En entrevue à La Presse Canadienne, le leader parlementaire du Bloc, Pierre Paquette, soutient que le premier ministre utilise encore un «faux-fuyant» pour éviter de concrétiser immédiatement ce que représente l'adoption de cette résolution à la Chambre des Communes.
Pierre Paquette souligne que les conservateurs se sont notamment opposés à une demande du Bloc, voulant que les employés soumis au code fédéral du travail soient dorénavant assujettis à la Loi 101, au Québec. Il rappelle également que les conservateurs ont refusé que la Loi sur le multiculturalisme ne s'applique pas au Québec.

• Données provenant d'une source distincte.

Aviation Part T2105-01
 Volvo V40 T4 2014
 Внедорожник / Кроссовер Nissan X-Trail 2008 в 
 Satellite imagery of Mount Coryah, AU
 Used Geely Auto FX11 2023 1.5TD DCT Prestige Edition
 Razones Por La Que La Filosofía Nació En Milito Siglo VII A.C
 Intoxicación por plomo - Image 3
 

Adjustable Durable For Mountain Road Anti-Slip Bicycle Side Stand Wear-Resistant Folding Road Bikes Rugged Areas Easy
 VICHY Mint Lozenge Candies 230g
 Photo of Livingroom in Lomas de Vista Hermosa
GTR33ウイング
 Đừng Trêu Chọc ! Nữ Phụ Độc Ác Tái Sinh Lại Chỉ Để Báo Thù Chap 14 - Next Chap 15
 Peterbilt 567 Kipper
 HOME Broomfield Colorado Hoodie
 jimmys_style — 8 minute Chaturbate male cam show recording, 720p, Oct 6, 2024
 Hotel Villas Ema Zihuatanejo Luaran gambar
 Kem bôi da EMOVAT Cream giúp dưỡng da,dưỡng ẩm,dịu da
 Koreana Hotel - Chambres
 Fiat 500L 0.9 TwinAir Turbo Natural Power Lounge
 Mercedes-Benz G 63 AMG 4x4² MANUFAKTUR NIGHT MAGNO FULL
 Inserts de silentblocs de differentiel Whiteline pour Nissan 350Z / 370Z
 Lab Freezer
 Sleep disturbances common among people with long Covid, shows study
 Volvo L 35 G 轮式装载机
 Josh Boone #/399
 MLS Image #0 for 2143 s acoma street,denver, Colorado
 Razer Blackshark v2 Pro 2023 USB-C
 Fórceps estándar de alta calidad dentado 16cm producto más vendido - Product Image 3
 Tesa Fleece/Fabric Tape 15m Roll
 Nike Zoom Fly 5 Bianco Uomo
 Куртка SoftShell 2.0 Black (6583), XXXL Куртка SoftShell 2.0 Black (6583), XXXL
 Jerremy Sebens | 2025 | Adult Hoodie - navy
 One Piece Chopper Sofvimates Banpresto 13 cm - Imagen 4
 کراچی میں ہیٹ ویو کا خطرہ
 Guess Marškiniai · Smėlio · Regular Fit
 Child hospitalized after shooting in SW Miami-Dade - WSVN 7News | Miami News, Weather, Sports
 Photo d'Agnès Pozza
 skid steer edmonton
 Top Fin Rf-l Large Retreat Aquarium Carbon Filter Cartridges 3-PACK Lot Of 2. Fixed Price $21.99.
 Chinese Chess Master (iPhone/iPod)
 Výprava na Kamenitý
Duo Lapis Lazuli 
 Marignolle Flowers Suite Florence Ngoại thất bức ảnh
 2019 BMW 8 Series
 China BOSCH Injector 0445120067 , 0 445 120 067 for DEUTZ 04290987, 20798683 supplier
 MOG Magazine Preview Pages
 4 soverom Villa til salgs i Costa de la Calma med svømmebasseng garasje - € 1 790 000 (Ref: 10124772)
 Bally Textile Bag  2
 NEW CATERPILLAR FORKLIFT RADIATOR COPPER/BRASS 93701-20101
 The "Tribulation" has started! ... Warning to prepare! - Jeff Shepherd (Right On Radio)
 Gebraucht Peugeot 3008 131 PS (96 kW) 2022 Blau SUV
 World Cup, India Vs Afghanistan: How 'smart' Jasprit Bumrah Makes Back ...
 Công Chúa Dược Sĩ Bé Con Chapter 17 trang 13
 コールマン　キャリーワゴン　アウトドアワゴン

Pierre Paquette accuse le gouvernement Harper de ne jamais passer de la parole aux actes, en promettant la lune aux Québécois tout en évitant de se compromettre.
De son coté, Stephen Harper soutient que l'adoption de cette résolution par la Chambre des communes a grandement contribué à renforcer l'unité canadienne. Le premier ministre croit que les Québécois sont nettement plus à l'aise dans la fédération depuis que leur identité a été reconnue.
Le premier ministre assure que son gouvernement n'a pas oublié cette motion et qu'il devra faire plus pour continuer dans cette voie positive.